Taus – Pinna (Another Timbre)
“(The artist) creates a quiet music in order to give himself and his listeners the opportunity to hear more, and better.”
I lifted that quote from the notes to Jakob Ullmann’s fremde zeit addendum, but it could equally apply to Pinna; likewise an exhortation to play the record at a volume that “barely mask(s) the ambient sounds in the room”.
Pinna was performed live in Vienna in July 2010 by Tim Blechmann and Klaus Filip of Taus, both using laptops.
In a revealing interview for Another Timbre, Blechmann explains the pains Taus took to create a unique “sonic space” within the small church hosting the concert:
“Klaus uses only sine waves, while I am playing noise textures and crackle sounds…For Klaus’s sine waves, it doesn’t really matter where you place the speakers, but he always likes to have a subwoofer to be able to play very low-frequency sounds. But for my noise textures, the placement of the speakers matters a lot because they are very easily locatable, and I try to play different sounds on different speakers.”
Given that attention to spatial specifics, and the fact that the recording wasn’t originally intended for release, it’s remarkable how absorbing the final product is, and it’s no surprise that Blechmann and Filip are pleased with it.
“The microphones captured the sound from the speakers, the reverberation of the space…and all kinds of environment sounds like birds, audience movements, people passing by, etc. It was probably one of our most relaxed concerts. As it was a rather hot weekend in July, not so many people came…and therefore the situation was very concentrated.”
The result is one of the most atmospheric recordings I’ve heard.
With the performance beginning at the sensory threshold, the listener is drawn in by the close-captured environmental sounds, such as birds on the wing. And with playback at normal volume settings, the first two thirds of the recording seem to pass almost subliminally, any consciousness of local background noise falling away. The gradual amplification of low frequency sound then subsumes silence, while Blechmann’s textures, ghosted by Filip’s sine waves, hold the ear.

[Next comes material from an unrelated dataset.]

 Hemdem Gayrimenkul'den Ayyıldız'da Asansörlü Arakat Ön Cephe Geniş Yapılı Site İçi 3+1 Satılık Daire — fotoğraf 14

Dentistry – Vardøgr (Forwind)
Dentistry’s Vardøgr is a very different proposition, a larval coagulum of synthesised sound.
Both Patrick Fennelly and Cian Walker play synths and laptop in this Dublin trio, alongside bassist Jason Joomun. Walker is also credited with live processing.
Recorded in the studio, the mood sustained across the five untitled pieces of Vardøgr is dark and occluded, albeit each has distinctive differentiating subtleties.
Dentistry’s methodology is neither as situational nor as ambient as Taus’. Riffing on 70s kosmiche methodology, the trio’s dark ambience, with its generational hum of grimy voltage, has much in common with KTL’s genre-mere of doom and electronica.
“Vardøgr” is a Norwegian word defining “a premonitory sound or sight of a person before he arrives…a reverse episode of déjà vu perhaps” (forwind.net), an apposite appellation for such portentous mood music.
I’m less taken with Dentistry as a collective noun, though it might evoke the dissociation effect enjoyed by those under conscious sedation. Dentistry’s music evokes, in a perversely gratifying way, just such a state of mental stasis; lacking in emotional depth and colour, yet weirdly compelling.